Luckily my natural memory partially overcame such software updates. But for the hassle of a few minutes with moving blue bars telling me the up to the second status of my update, I was trying to remember what I had to say. Needless to say forgot my main point. Whatever was important has been lost.

Alas, I did have something of note to say about how Kojeve said that the human and its history had ended 207 years ago, but it was forgotten in the blip of a software update. I had something to say about being posthistorical.

But since I have forgotten my point, let me praise what is literally most important in my ears right now. For all Louis CK’s talk of Springsteen’s deep yelling from another faraway place in “Jungleland,” one still ought to experience the need to “Get a Grip” by NRBQ. In fact one ought to experience the entirety of the NRBQ album Scraps simply. Seeing this band live was truly an excellent experience in my life.

But I’ve been over this territory before in earlier posts.
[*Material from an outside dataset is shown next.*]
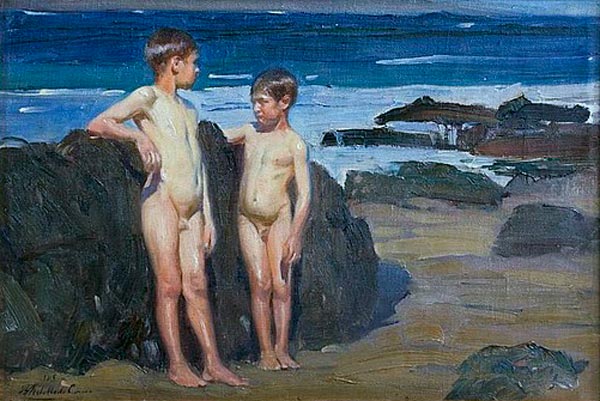 Two boys at the seashore (Мальчики на морском берегу)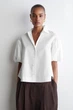 Сорочка жіноча COS puff-sleeve cotton shirt 1309660001 Eur 34 Білий - изображение 1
“Are you ready . . . ” “Get a grip . . . ” “Do you feel it? . . . ” How could this Scraps album from the early ‘70s on Buddha Records not have a hit? How could this band with all their great albums and live shows in their entire history not have had one hit? I discovered them in the ‘80s, and I was such a fan that my hand and wrist literally made it into a Musician magazine piece on them (Aerosmith is on the cover, but NRBQ had an extended piece where in the photos you can see my hand!). I know this because a girlfriend at the time had given me a wrist “friendship bracelet,” and it is that particular bracelet and hand showing in the foreground of the band playing.

So my hand in photography of Musician magazine must be the inscription left on a time where passion met words, but in which such words did not meet evident deeds. Needless to day I was adrift in doing nothing at the time. And one thing to say for NRBQ is that they excluded themselves from the movements—political and social—that defined their era. Like Peter Lawler’s description of Johnny Carson’s shyness, NRBQ could make good rock ‘n roll without having to put themselves on the line. Usually their songs contained wry observations of the laughable contradictions that good and ordinary Americans often find themselves in.

But then again Terry Adams could sing , “I feel so good, I want you to feel good too.” He meant it too.